We just read about that conflict. He was run out of town. But here is where Paul’s heart is, here is why he keeps preaching:
1 Thessalonians 2:3–4 ESV
For our appeal does not spring from error or impurity or any attempt to deceive, but just as we have been approved by God to be entrusted with the gospel, so we speak, not to please man, but to please God who tests our hearts.
Not to please man… but to please God.
Not to please man… but to please God.
Not to please man… but to please God.
Paul decides he cares far more about pleasing God in heaven than he does about whether men will be pleased.
That may sound obvious. It isn’t.
Paul chooses, he chooses, to live before an audience of one.
Paul chooses to live before an audience of one.
I don’t think this means he doesn’t feel discouragement. I don’t think this means he doesn’t feel social pressure. I bet he prays every time before he enters a city that more people will hear this time… and that he won’t get stoned this time… he feels all the same things.
But then he has a choice.
Do I care more about what my coworkers think about my nails… or what my daughters think. Trump card, I am going for their sweet smiles.
Do I care more about what these people I just met will think about Jesus’ resurrection… or what God thinks about how I tell His story? I am going for His sweet smile!
Paul chooses to live before an audience of one. Not to please man but to please God.
Not to be confused with not caring about the people, Paul deeply cares about them.
1 Thessalonians 2:7–8 ESV
But we were gentle among you, like a nursing mother taking care of her own children. So, being affectionately desirous of you, we were ready to share with you not only the gospel of God but also our own selves, because you had become very dear to us.
Afectionately desirous. The way a mother cares for her children, we “loved you dearly”.
Not just the gospel, but our own selves.
Out of love for men and women, looking only to please God, ready to share the gospel of God and also our own selves.
I love you… but I’m not seeking to please you. That’s an important distinction.
I am also not only throwing the gospel at you and washing my hands of you… I am authentically, truly sharing myself with you. The gospel is my story, the gospel as my story.
Affectionately desirous. The way a mother cares for her children, we “loved you dearly”. ely so. Run me out of town. That was Paul’s experience everywhere he went. The sad and hard truth is that some will reject the gospel… and you can’t do anything about that. f
But I am not looking for or needing their approval. Though I love them… the only one whose pleasure I am seeking is God’s. The only one. The audience of One.

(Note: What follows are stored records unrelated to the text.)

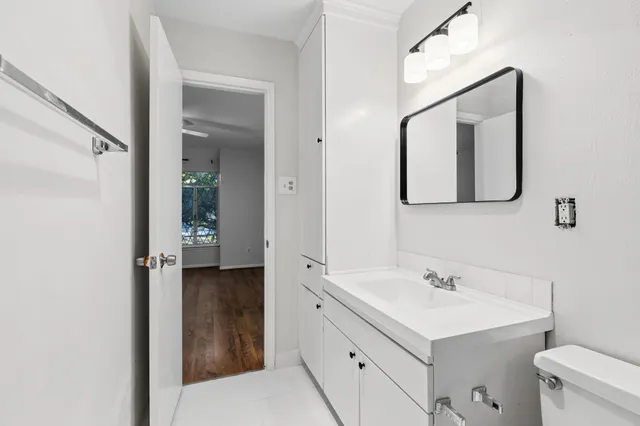 a view of a hallway with a ceiling fan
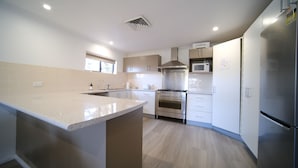 A modern kitchen with a central island, stainless steel appliances, and light wood flooring. - Lakeside Inn Illawarra  (Windang)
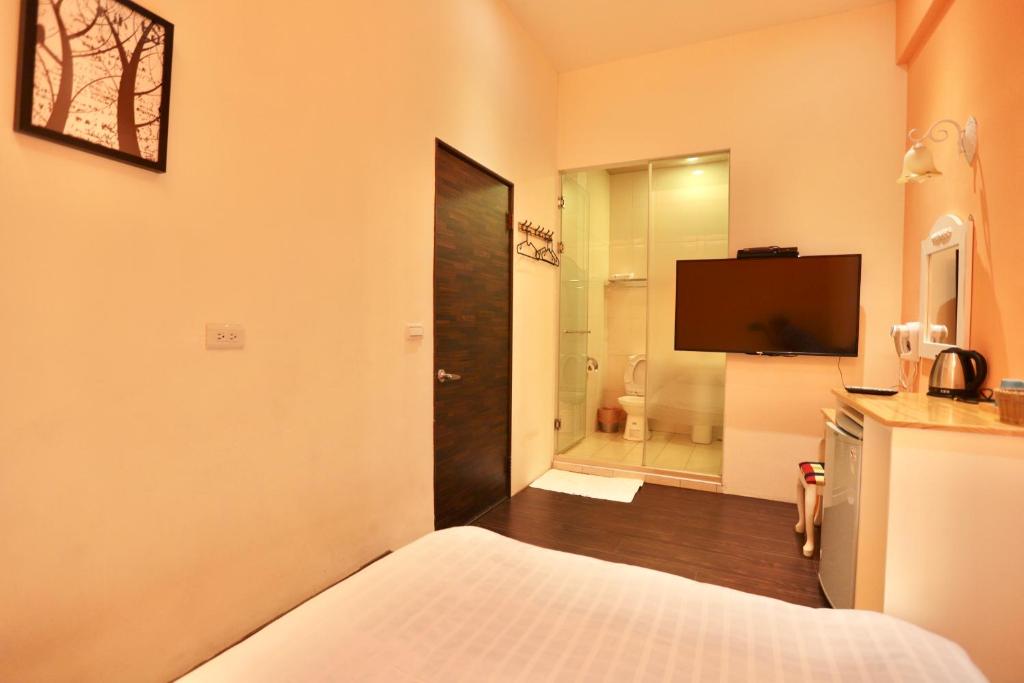 Cama o camas de una habitación en 好窩旅店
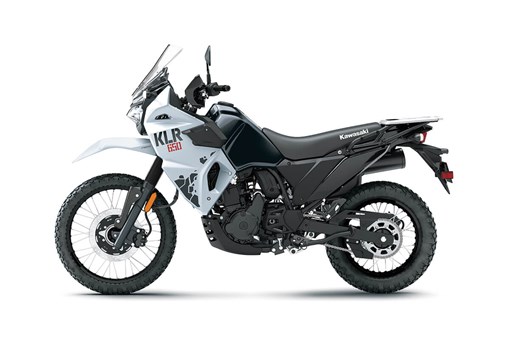  Profile angle of a white motorcycle staged in a white studio background. opens in a new window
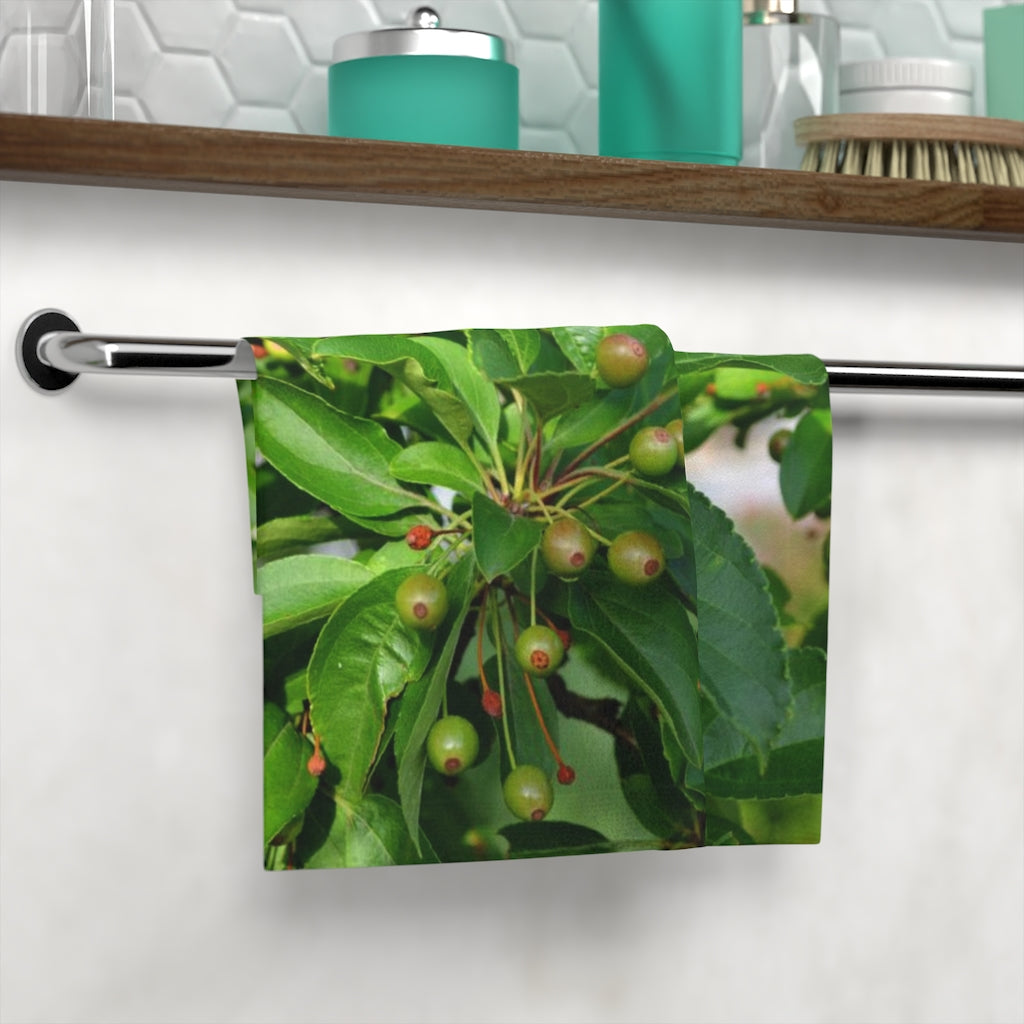 Seeds and Green Leaves Face Towel featuring a vibrant printed front and soft cotton back, ideal for personal use or customization.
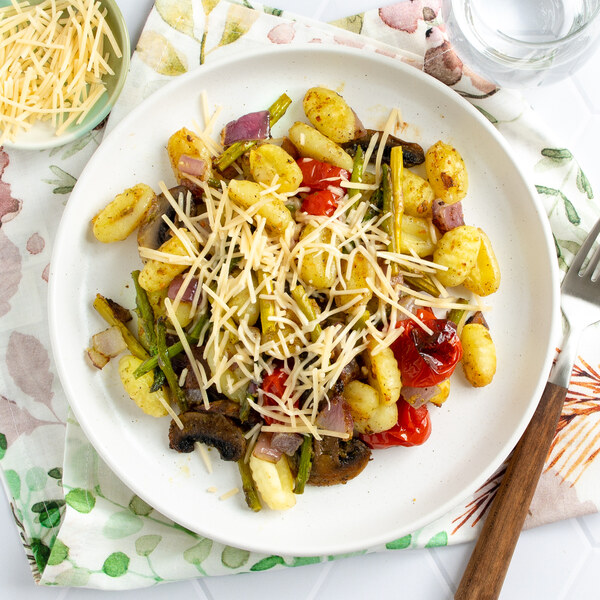 Basil Pesto Gnocchi Bake with Asparagus, Mushrooms, Tomato & Parmesan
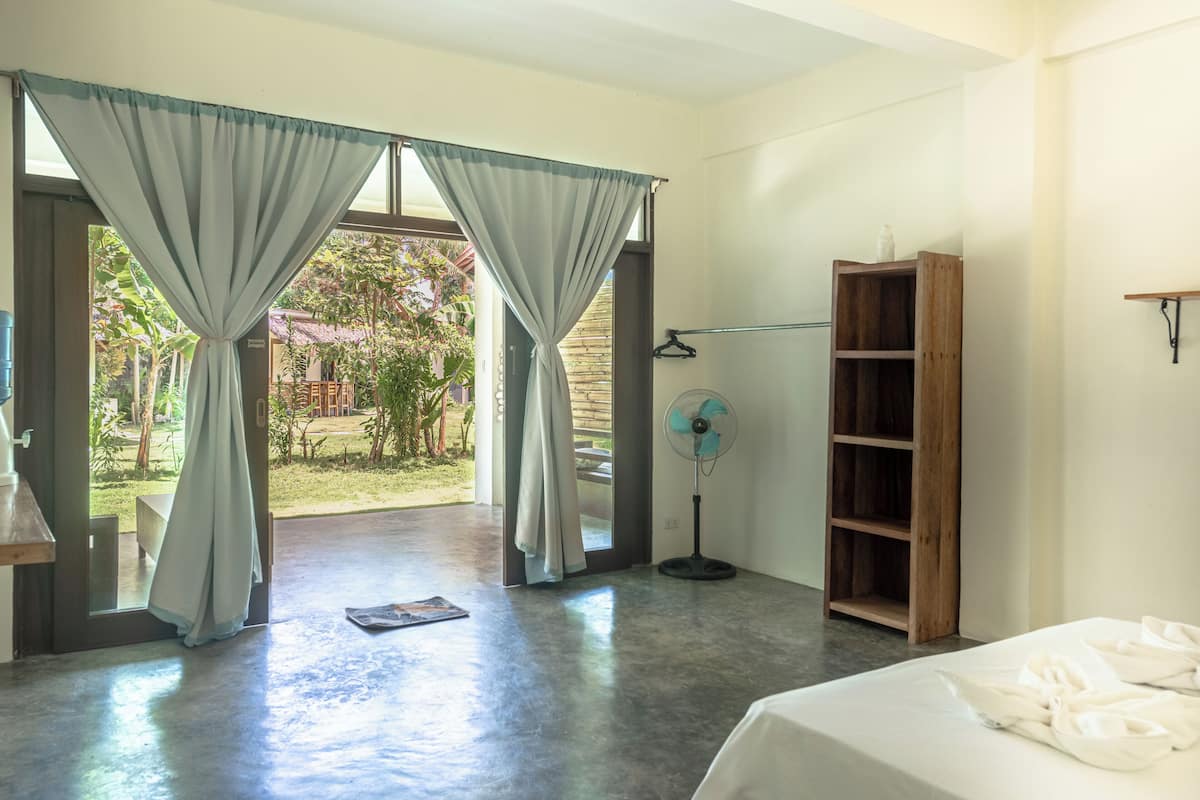 A room with a bed, a wooden shelf, a fan, and a view of the outdoors.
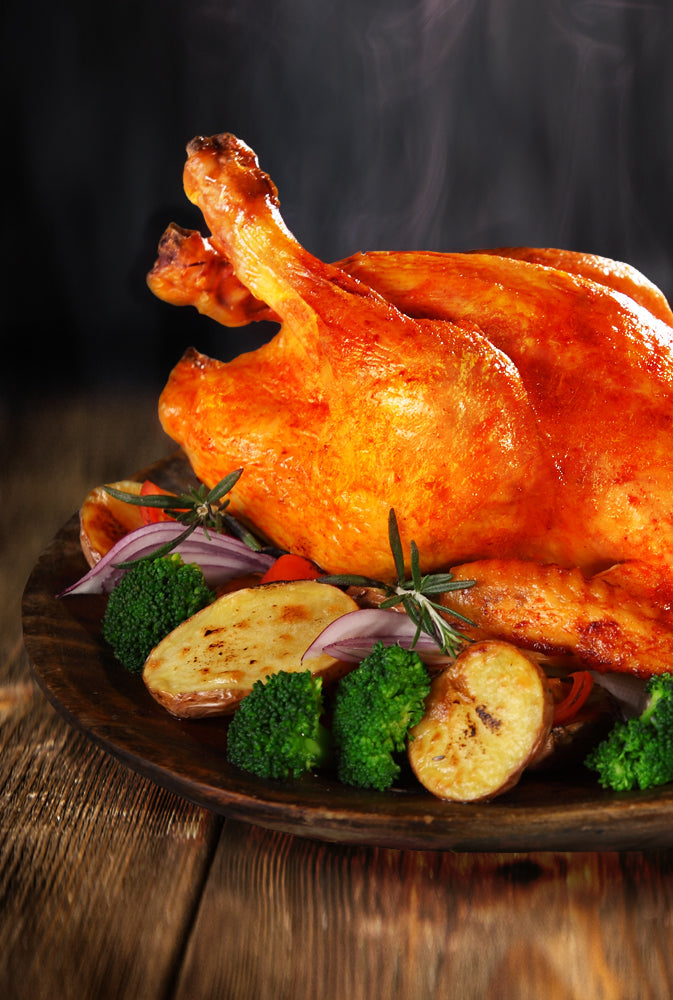 Grillhähnchen mit knuspriger Kruste, appetitlich mit Grillgemüse und Kartoffeln angerichtet auf einem rustikalen Holztisch.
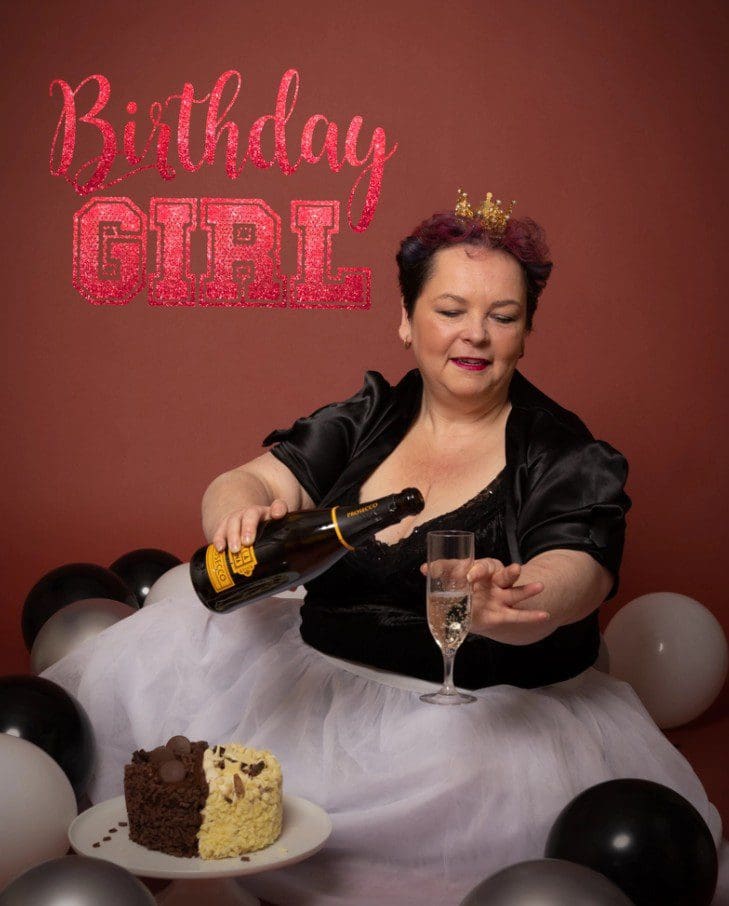 A woman in a crown and black top pours sparkling wine into a glass, with cake and black-and-white balloons around her, perfectly capturing the fun and glamour of a milestone celebration. Birthday Girl is written in pink glittery text above her—just one of the memorable moments styled by your Birmingham adult cake smash photographer.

What Stops Me From Evangelizing?

What stops me from evangelism? What stops me from sharing my story, God’s story? What stops me from sharing my life?
Now there could be lots of reasons. I don’t know how. I’ve never done that before. I don’t know what to say. We can address all those, many of them next week on Mars Hill in Athens.
We aren’t all Paul. I’m not saying we should all go on a first missionary journey, tour random cities, and start preaching on the corner. As we will see next week, even Paul worked hard at connecting to particular places and people, speaking the gospel to a culture in a way that it will best hear.
But we aren’t all evangelists, we aren’t all preachers, or teachers.
True.
We are all called to love our neighbors. We are all commanded to be witnesses in one way or another.
And, as we have said many times before, there may be someone who needs to hear or see the gospel in exactly the way you will share it, you will tell it.
What stops us? Often. All too often, we are afraid of what people will think. Of what people will say.
Do we care more about how a stranger will perceive us… than how our silence speaks to our Audience of One?
Do we care more about what man thinks or what God thinks?
Am I living for the audience of One?

Praying with a Friend

A few months ago a friend called me, and we had been talking regularly for a few months about a situation he was facing. He was venting and seeking advice. He’s a non-Christian and has often told me one of his favorite things about me is that I’m not a “pushy Christian.”
There’s some social pressure right there. Explicit.
At the end of our phone call I feel the call to pray for him, with him, on the phone. And I hesitate… because I think he’s not going to like that!
But I really think God is calling me to pray for him. So I say “Can I pray for you?” And he pauses, awkwardly, and says “what?”
“Can I pray for you? With you right now?” Long awkward pause. “Okay.”
So I do. I pray. I pray God will give him guidance and wisdom. And I say “Amen” and he says a half-hearted thanks.
Now I want to say that he called me in tears about how much that prayer changed his life.
He didn’t. In fact he didn’t call again for months and we had been talking regularly up until then. I think it was exactly as awkward as I had feared and wierded him out. All those things.
But none of that matters. There is an overriding concern. As much as I want him to like me, to not think I’m a “pushy Christian”… even more than that I want to please my heavenly Father. And I know that he loves my friend more than I do, and that move to pray with him was good for him, even as it pleased my heavenly Father for me to do it.
I lived for the audience of one. And oh, by the way, that will be more effective for the good of everyone around you than any tiptoeing or hemming and hawing or silencing yourself you could ever do! Even for those who, if only for a time, reject the gospel and the name of Jesus.
Do we let “what they will think” keep us from speaking the gospel?
Or more generally, do we ever let “what they will think or say or do” keep us from doing what God has called us to do?
May it never be!!!
Let’s live for the audience of One.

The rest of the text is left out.